**** DATA RECORDS
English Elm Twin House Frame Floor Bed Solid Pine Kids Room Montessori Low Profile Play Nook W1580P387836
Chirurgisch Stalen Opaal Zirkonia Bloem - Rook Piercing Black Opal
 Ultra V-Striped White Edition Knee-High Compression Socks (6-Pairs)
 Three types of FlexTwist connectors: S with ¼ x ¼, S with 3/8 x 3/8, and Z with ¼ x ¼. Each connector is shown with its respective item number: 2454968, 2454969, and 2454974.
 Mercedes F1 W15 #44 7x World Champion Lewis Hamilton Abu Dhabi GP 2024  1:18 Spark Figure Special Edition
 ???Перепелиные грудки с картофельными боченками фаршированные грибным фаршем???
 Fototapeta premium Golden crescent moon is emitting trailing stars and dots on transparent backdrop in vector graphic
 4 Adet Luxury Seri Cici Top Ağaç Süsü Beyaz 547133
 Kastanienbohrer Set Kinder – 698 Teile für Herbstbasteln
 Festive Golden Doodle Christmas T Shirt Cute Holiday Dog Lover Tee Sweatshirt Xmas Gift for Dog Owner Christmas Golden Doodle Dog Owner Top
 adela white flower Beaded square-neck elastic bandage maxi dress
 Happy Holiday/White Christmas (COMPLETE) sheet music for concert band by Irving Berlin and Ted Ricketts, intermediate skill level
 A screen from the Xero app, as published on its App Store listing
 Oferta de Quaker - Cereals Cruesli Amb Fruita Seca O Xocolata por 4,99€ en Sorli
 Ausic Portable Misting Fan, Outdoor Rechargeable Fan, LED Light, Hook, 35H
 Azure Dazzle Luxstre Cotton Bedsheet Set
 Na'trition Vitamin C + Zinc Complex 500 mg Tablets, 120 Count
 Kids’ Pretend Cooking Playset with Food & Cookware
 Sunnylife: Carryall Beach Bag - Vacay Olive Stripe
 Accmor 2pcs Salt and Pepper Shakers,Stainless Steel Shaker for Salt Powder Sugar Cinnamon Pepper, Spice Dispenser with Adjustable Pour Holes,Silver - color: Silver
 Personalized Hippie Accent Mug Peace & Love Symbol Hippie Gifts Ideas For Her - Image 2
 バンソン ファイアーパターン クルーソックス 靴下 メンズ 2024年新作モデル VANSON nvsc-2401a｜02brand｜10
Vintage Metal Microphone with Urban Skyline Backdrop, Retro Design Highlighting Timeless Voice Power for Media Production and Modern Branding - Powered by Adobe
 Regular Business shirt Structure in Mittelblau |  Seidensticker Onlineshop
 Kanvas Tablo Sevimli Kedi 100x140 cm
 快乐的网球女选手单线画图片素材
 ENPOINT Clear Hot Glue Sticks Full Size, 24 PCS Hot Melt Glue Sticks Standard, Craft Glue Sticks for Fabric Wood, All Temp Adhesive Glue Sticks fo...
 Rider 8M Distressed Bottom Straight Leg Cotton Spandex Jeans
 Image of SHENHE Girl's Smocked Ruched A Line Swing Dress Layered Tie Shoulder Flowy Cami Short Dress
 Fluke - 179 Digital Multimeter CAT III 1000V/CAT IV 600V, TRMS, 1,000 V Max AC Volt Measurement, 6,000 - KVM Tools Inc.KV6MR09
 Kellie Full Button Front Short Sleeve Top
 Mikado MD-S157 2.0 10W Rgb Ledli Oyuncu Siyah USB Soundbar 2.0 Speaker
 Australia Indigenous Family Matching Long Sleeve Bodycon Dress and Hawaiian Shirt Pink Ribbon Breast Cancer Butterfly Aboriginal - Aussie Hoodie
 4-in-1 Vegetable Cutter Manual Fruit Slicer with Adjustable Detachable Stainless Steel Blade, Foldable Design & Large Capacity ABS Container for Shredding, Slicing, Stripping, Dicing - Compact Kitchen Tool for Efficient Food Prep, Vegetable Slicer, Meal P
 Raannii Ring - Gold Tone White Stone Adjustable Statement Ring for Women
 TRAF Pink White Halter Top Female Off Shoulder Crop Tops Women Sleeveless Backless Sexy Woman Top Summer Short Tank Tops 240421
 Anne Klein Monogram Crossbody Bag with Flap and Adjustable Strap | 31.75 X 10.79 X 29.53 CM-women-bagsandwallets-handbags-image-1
********
▸ EXERCISE AIM:
Transcribe every entry exactly, omitting nothing.

▸ EXERCISE OUTPUT:
English Elm Twin House Frame Floor Bed Solid Pine Kids Room Montessori Low Profile Play Nook W1580P387836
Chirurgisch Stalen Opaal Zirkonia Bloem - Rook Piercing Black Opal
 Ultra V-Striped White Edition Knee-High Compression Socks (6-Pairs)
 Three types of FlexTwist connectors: S with ¼ x ¼, S with 3/8 x 3/8, and Z with ¼ x ¼. Each connector is shown with its respective item number: 2454968, 2454969, and 2454974.
 Mercedes F1 W15 #44 7x World Champion Lewis Hamilton Abu Dhabi GP 2024  1:18 Spark Figure Special Edition
 ???Перепелиные грудки с картофельными боченками фаршированные грибным фаршем???
 Fototapeta premium Golden crescent moon is emitting trailing stars and dots on transparent backdrop in vector graphic
 4 Adet Luxury Seri Cici Top Ağaç Süsü Beyaz 547133
 Kastanienbohrer Set Kinder – 698 Teile für Herbstbasteln
 Festive Golden Doodle Christmas T Shirt Cute Holiday Dog Lover Tee Sweatshirt Xmas Gift for Dog Owner Christmas Golden Doodle Dog Owner Top
 adela white flower Beaded square-neck elastic bandage maxi dress
 Happy Holiday/White Christmas (COMPLETE) sheet music for concert band by Irving Berlin and Ted Ricketts, intermediate skill level
 A screen from the Xero app, as published on its App Store listing
 Oferta de Quaker - Cereals Cruesli Amb Fruita Seca O Xocolata por 4,99€ en Sorli
 Ausic Portable Misting Fan, Outdoor Rechargeable Fan, LED Light, Hook, 35H
 Azure Dazzle Luxstre Cotton Bedsheet Set
 Na'trition Vitamin C + Zinc Complex 500 mg Tablets, 120 Count
 Kids’ Pretend Cooking Playset with Food & Cookware
 Sunnylife: Carryall Beach Bag - Vacay Olive Stripe
 Accmor 2pcs Salt and Pepper Shakers,Stainless Steel Shaker for Salt Powder Sugar Cinnamon Pepper, Spice Dispenser with Adjustable Pour Holes,Silver - color: Silver
 Personalized Hippie Accent Mug Peace & Love Symbol Hippie Gifts Ideas For Her - Image 2
 バンソン ファイアーパターン クルーソックス 靴下 メンズ 2024年新作モデル VANSON nvsc-2401a｜02brand｜10
Vintage Metal Microphone with Urban Skyline Backdrop, Retro Design Highlighting Timeless Voice Power for Media Production and Modern Branding - Powered by Adobe
 Regular Business shirt Structure in Mittelblau |  Seidensticker Onlineshop
 Kanvas Tablo Sevimli Kedi 100x140 cm
 快乐的网球女选手单线画图片素材
 ENPOINT Clear Hot Glue Sticks Full Size, 24 PCS Hot Melt Glue Sticks Standard, Craft Glue Sticks for Fabric Wood, All Temp Adhesive Glue Sticks fo...
 Rider 8M Distressed Bottom Straight Leg Cotton Spandex Jeans
 Image of SHENHE Girl's Smocked Ruched A Line Swing Dress Layered Tie Shoulder Flowy Cami Short Dress
 Fluke - 179 Digital Multimeter CAT III 1000V/CAT IV 600V, TRMS, 1,000 V Max AC Volt Measurement, 6,000 - KVM Tools Inc.KV6MR09
 Kellie Full Button Front Short Sleeve Top
 Mikado MD-S157 2.0 10W Rgb Ledli Oyuncu Siyah USB Soundbar 2.0 Speaker
 Australia Indigenous Family Matching Long Sleeve Bodycon Dress and Hawaiian Shirt Pink Ribbon Breast Cancer Butterfly Aboriginal - Aussie Hoodie
 4-in-1 Vegetable Cutter Manual Fruit Slicer with Adjustable Detachable Stainless Steel Blade, Foldable Design & Large Capacity ABS Container for Shredding, Slicing, Stripping, Dicing - Compact Kitchen Tool for Efficient Food Prep, Vegetable Slicer, Meal P
 Raannii Ring - Gold Tone White Stone Adjustable Statement Ring for Women
 TRAF Pink White Halter Top Female Off Shoulder Crop Tops Women Sleeveless Backless Sexy Woman Top Summer Short Tank Tops 240421
 Anne Klein Monogram Crossbody Bag with Flap and Adjustable Strap | 31.75 X 10.79 X 29.53 CM-women-bagsandwallets-handbags-image-1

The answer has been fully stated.